Over the past few months number of factors has been responsible for the hike in home loan interest rates. The Reserve Bank of India (RBI) has increased the repo rates and reverse repo rates which has added to the interest rate increase process. Hence interest rates on housing loans are no exception.
Till now, it was believed loans carrying a fixed rate of interest did not get affected with interest rate movements. They were supposed to remain neutral to the market movements. But with the recent continuous increases in the interest rates, this has led to loss for banks. Therefore many banks have searched a way out by introducing a reset clause in their fixed home loan documents to effect a change in the interest rate at a future date.
The reset clause will allow banks to review rates at the end of certain time period. Some banks have set the reset clause as applicable at the end of certain number of years - usually two to three.
Most banks have started introducing these clauses in their home loan documents since the interest rates started moving upwards. With this reset clause the fixed rate loans become equivalent to floating rate ones and nothing remains fixed in the strict sense of the word.
From the viewpoint of banks and financial institutions, such a step may be necessary as they no longer have access to relatively cheap long-term lines of credit to offer long tenure fixed rate loans. In case of most of the banks, the average tenure of deposits is less than four years, and if they lend for a longer period, their cost of funds strike high as also the yields. Over the past the interest rates have become unstable.

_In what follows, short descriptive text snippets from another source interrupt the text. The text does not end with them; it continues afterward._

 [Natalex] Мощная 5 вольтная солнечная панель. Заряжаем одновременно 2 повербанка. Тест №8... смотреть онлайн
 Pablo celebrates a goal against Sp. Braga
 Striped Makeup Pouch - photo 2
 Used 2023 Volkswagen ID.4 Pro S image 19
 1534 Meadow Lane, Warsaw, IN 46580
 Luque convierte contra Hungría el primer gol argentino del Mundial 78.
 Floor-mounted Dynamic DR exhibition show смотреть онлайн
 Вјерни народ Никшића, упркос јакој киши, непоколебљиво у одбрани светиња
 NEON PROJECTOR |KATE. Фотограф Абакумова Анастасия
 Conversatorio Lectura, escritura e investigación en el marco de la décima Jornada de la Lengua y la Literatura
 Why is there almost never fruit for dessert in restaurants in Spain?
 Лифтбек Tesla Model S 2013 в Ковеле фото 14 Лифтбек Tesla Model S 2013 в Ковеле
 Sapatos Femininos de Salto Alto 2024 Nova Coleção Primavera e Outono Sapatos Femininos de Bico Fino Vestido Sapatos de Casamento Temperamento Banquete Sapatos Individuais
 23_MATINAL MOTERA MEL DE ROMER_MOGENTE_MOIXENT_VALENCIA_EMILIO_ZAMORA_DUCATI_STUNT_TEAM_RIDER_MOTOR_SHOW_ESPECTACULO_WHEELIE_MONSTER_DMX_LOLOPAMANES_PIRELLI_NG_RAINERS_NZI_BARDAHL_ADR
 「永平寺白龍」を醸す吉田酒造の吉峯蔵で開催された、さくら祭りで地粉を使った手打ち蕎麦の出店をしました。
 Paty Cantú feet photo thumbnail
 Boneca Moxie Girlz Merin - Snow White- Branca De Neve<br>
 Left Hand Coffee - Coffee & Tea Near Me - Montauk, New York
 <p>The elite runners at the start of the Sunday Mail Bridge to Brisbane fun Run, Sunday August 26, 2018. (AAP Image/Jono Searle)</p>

Following the increasing instability in the interest rates, the banks are not ready to take a view on where interest rates are headed in the times to come, as banks are already under pressure to protect their margins. Because of all these factors banks are forced to review the pricing and product structure of loans.
With reset clauses Bank would be able to revise the interest rates on loans in case of certain circumstances. The banks will have the discretion to increase the interest rates in case the market rates of interest increase. This tends to evade the banks against interest rate increases at a future point in time. But this is going to put the borrower in a disadvantageous position. In any case the fixed rate of interest is higher than the floating rate.
The criteria that can trigger the rest clause have been specified in the loan document. Reset clause depicts changes in interest rates to the fixed rate borrowers. The only difference in respect of a floating rate loan is that changes in the interest rate don't happen frequently.